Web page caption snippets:
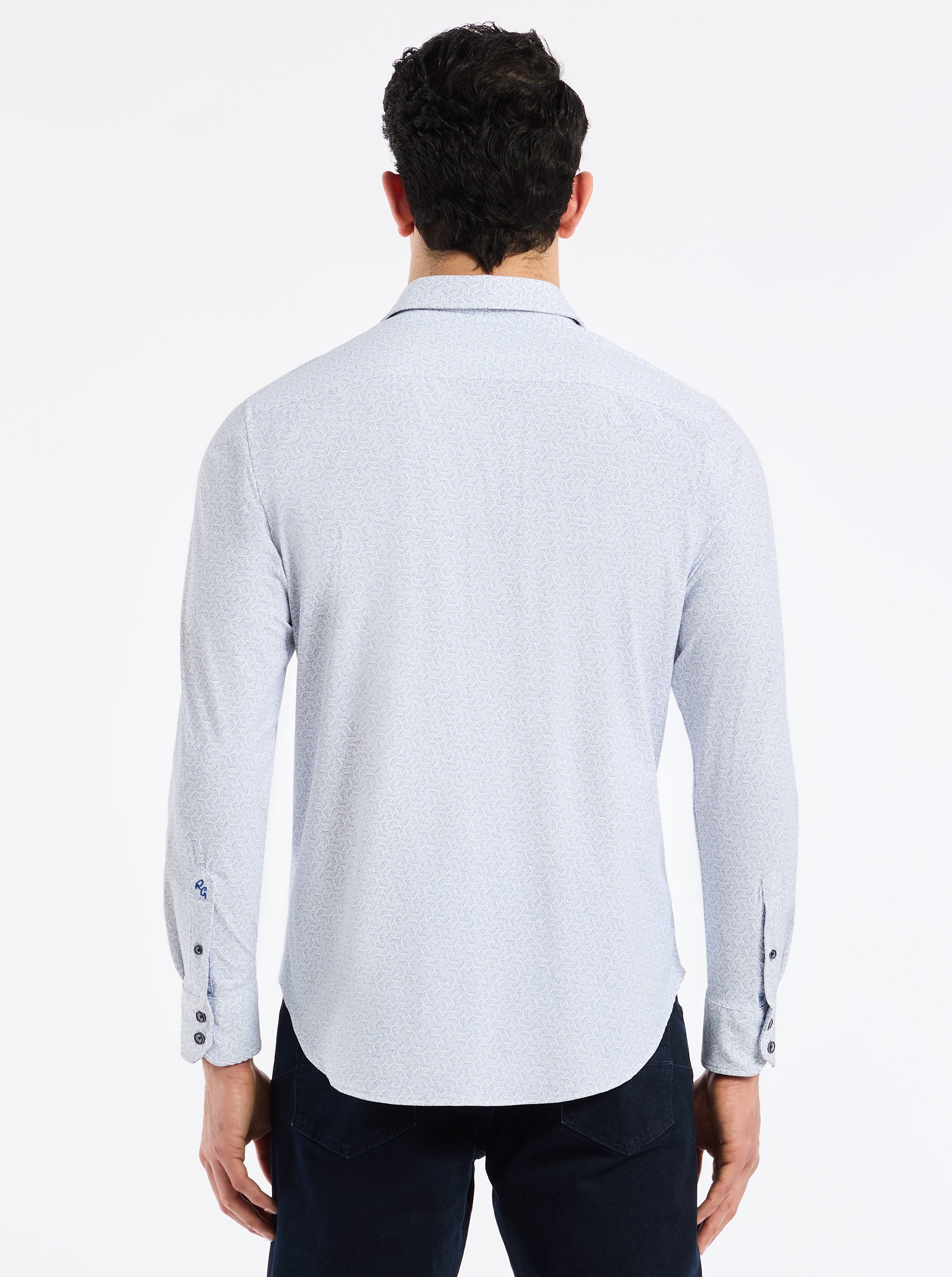 ASTERIK LONG SLEEVE BUTTON DOWN SHIRT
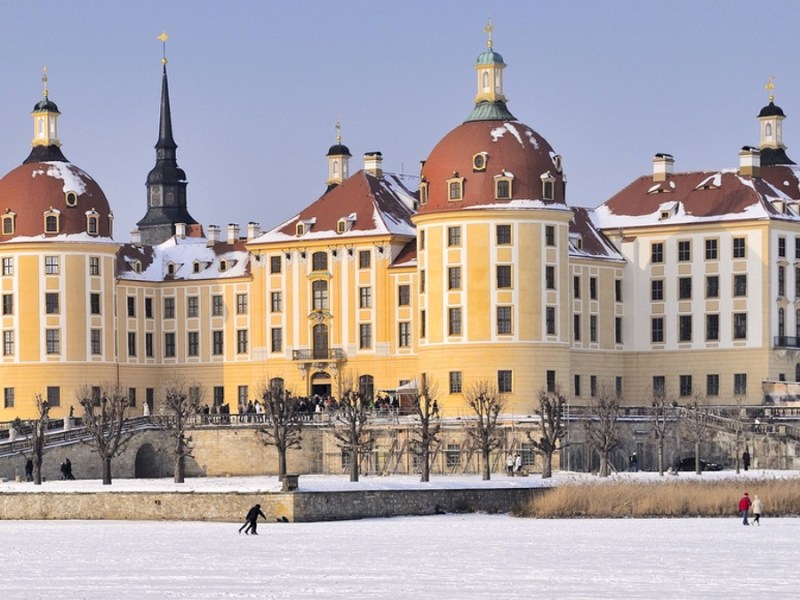 Schloss Moritzburg im Winter.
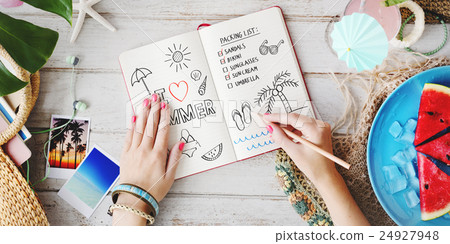 Notebook List Vacation Break Summer Beach Fun Concept 24927948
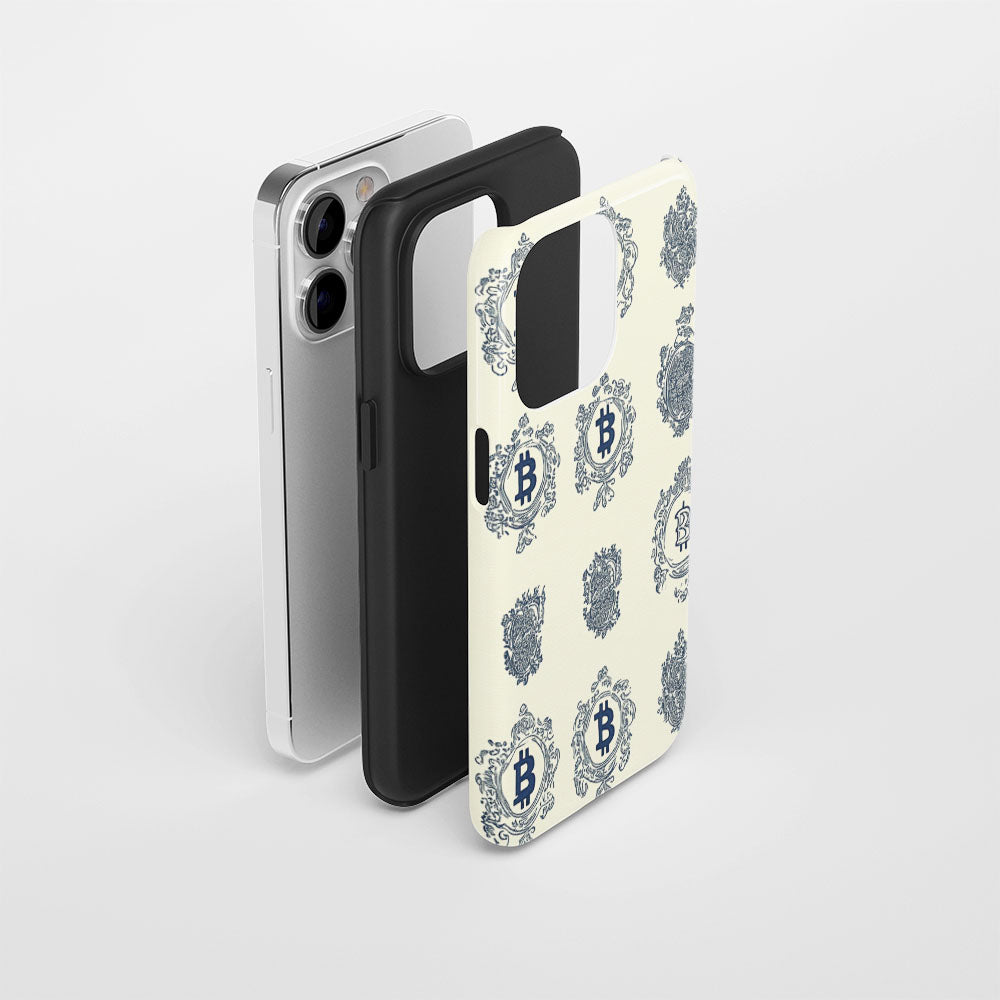 Double-Layer Semi-Handprinted Tough Matte BTC (Bitcoin) iPhone Case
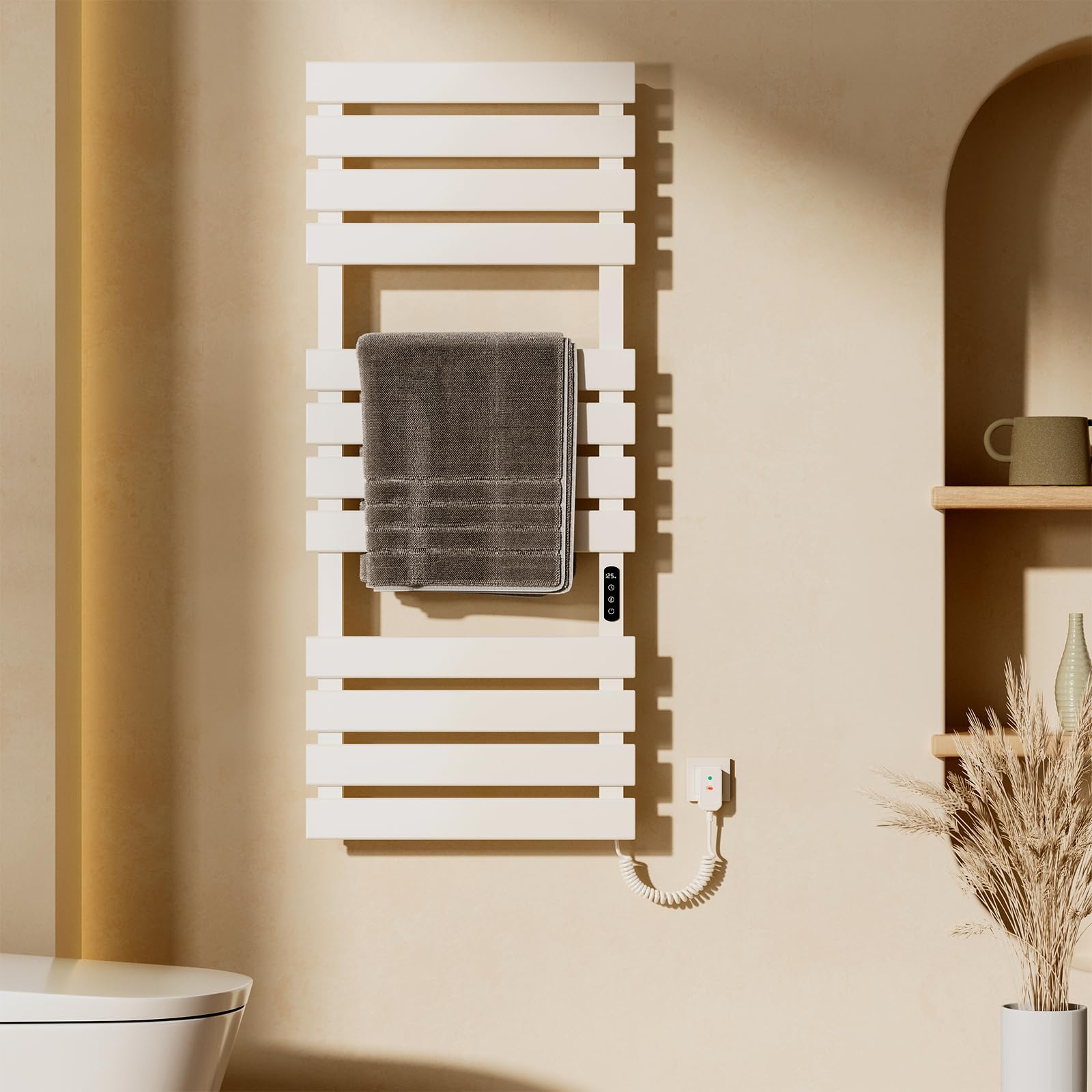 WiFi Heated Towel Warmer Rack - 51 x 22 Inch Electric Towel Warmer for Bathroom with Timer & LED Indicator, 492W Wall Mounted White Towel Rack - Perfect for Spa, Luxury Bathrooms and Cold Weather Comfort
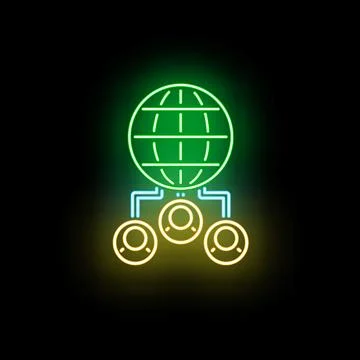 Global network connection linking people worldwide neon icon Stock Illustration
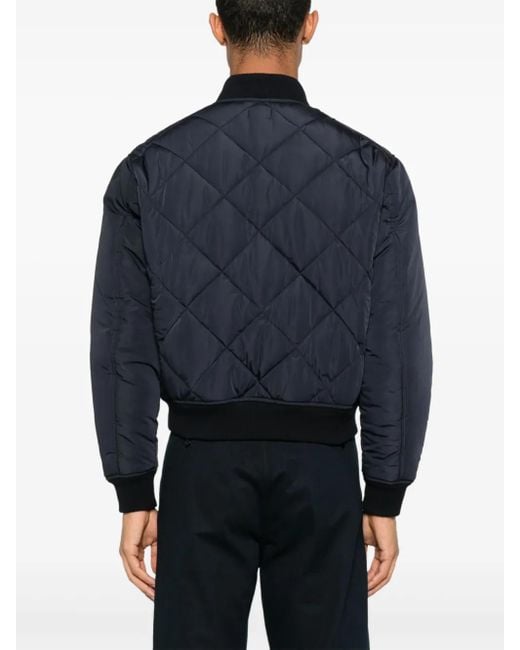 Fursac Blue Padded Quilted Bomber Jacket for men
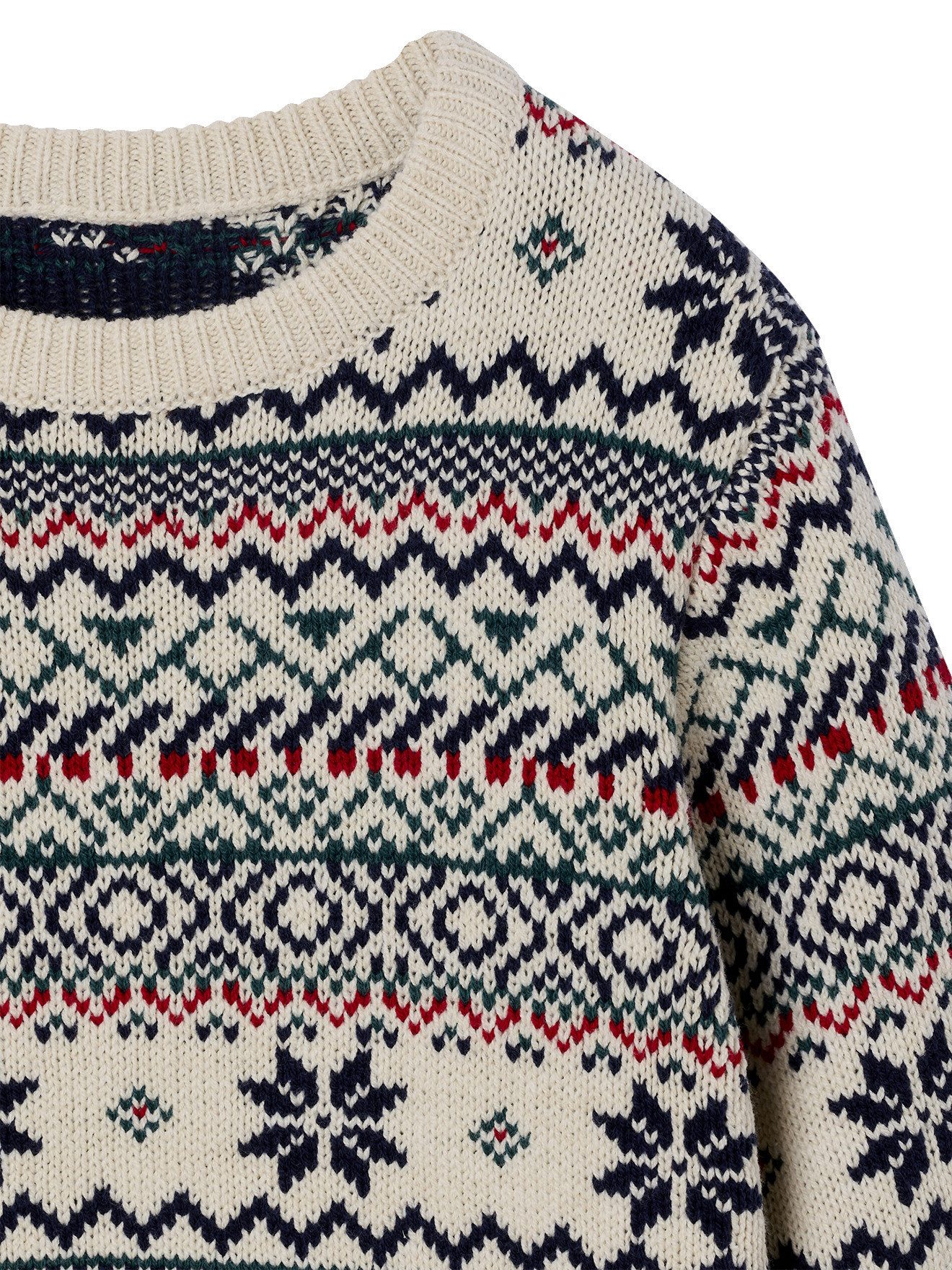 vertbaudet Pullunder Jungen Jacquard-Pullover mit Rundhals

Work order: Write the records out exactly, dropping every image.

Output:
 ASTERIK LONG SLEEVE BUTTON DOWN SHIRT
 Schloss Moritzburg im Winter.
 Notebook List Vacation Break Summer Beach Fun Concept 24927948
 Double-Layer Semi-Handprinted Tough Matte BTC (Bitcoin) iPhone Case
 WiFi Heated Towel Warmer Rack - 51 x 22 Inch Electric Towel Warmer for Bathroom with Timer & LED Indicator, 492W Wall Mounted White Towel Rack - Perfect for Spa, Luxury Bathrooms and Cold Weather Comfort
 Global network connection linking people worldwide neon icon Stock Illustration
 Fursac Blue Padded Quilted Bomber Jacket for men
 vertbaudet Pullunder Jungen Jacquard-Pullover mit Rundhals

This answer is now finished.